Ontolology-based query answering (and more generally Ontology-Based Data Access, OBDA) is a new paradigm in data management, which takes into account inferences enabled by an ontology when querying data. In other words, the notion of a database is replaced by that of a knowledge base, composed of data (also called facts) and of an ontology. In this context, existential rules (also called Datalog+) have been proposed to represent the ontological component [59] , [58] . This expressive formalism generalizes both description logics used in OBDA (such as ℰℒ and DL-Lite), which form the cores of so-called tractable profiles of the Semantic Web ontological language OWL2) and Datalog, the language of deductive databases. Since about five years, we have been studying the theoretical foundations of this framework (mainly concerning decidability and complexity) and developing associated algorithmic techniques. We have started the development of a platform dedicated to OBDA with existential rules (see section 5.2 ).

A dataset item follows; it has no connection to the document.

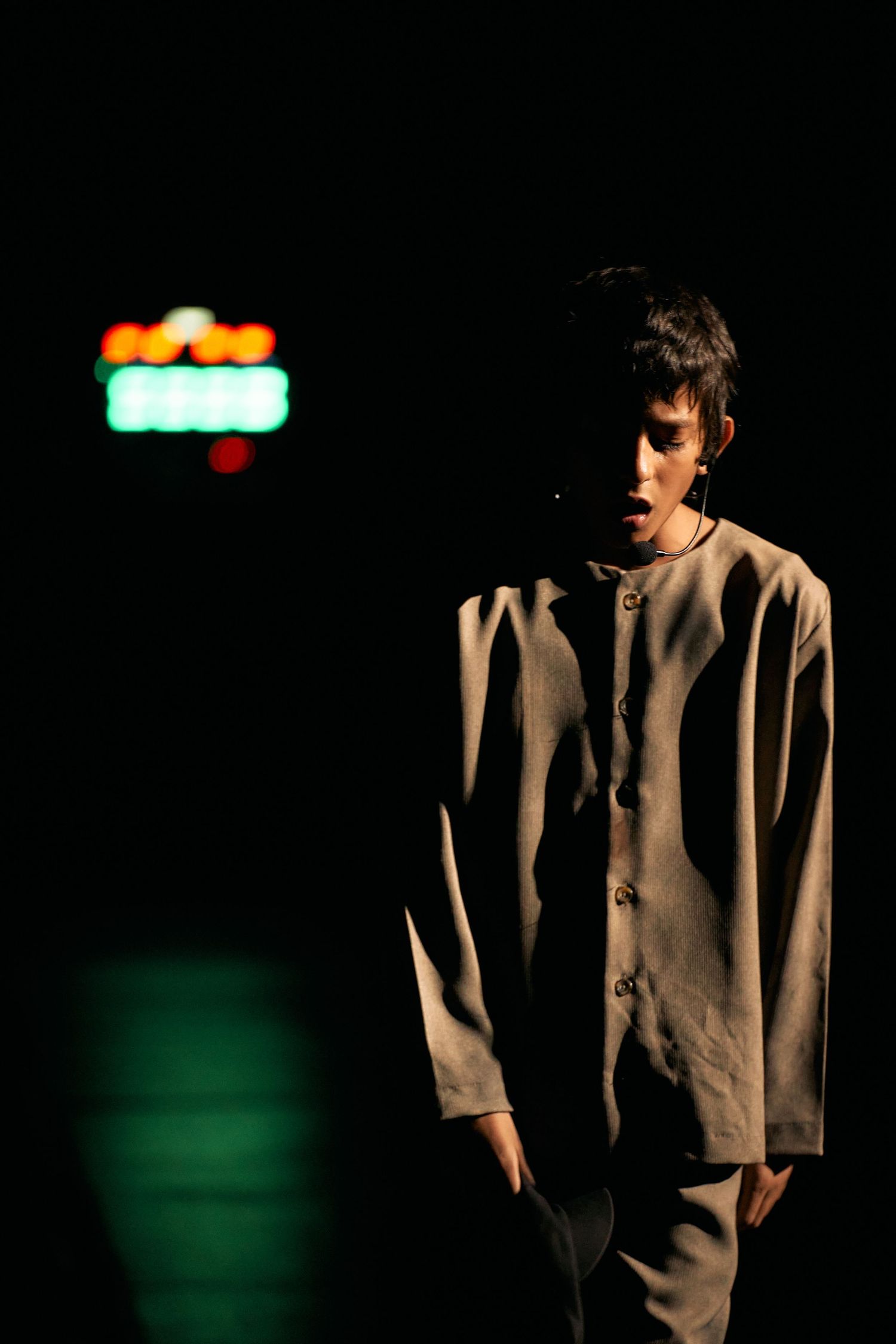 Dramatic portrait series showing a person in low light wearing a beige jacket against dark background with green accents.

Before presenting this year' results, we recall the two classical ways of processing rules, namely forward chaining and backward chaining, also known as “materialization” and “query rewriting” in the OBDA setting. In forward chaining, the rules are applied to enrich the initial data and query answering can then be solved solved by evaluating the query against the “saturate” database (as in a classical database system i.e., with forgetting the rules). The backward chaining process can be divided into two steps: first, the initial query is rewritten using the rules into a first-order query (typically a union of conjunctive queries, UCQ); then the rewritten query is evaluated against the initial database (again, as in a classical database system). Since entailment is not decidable with general existential rules, both forward and backwards processes may not halt.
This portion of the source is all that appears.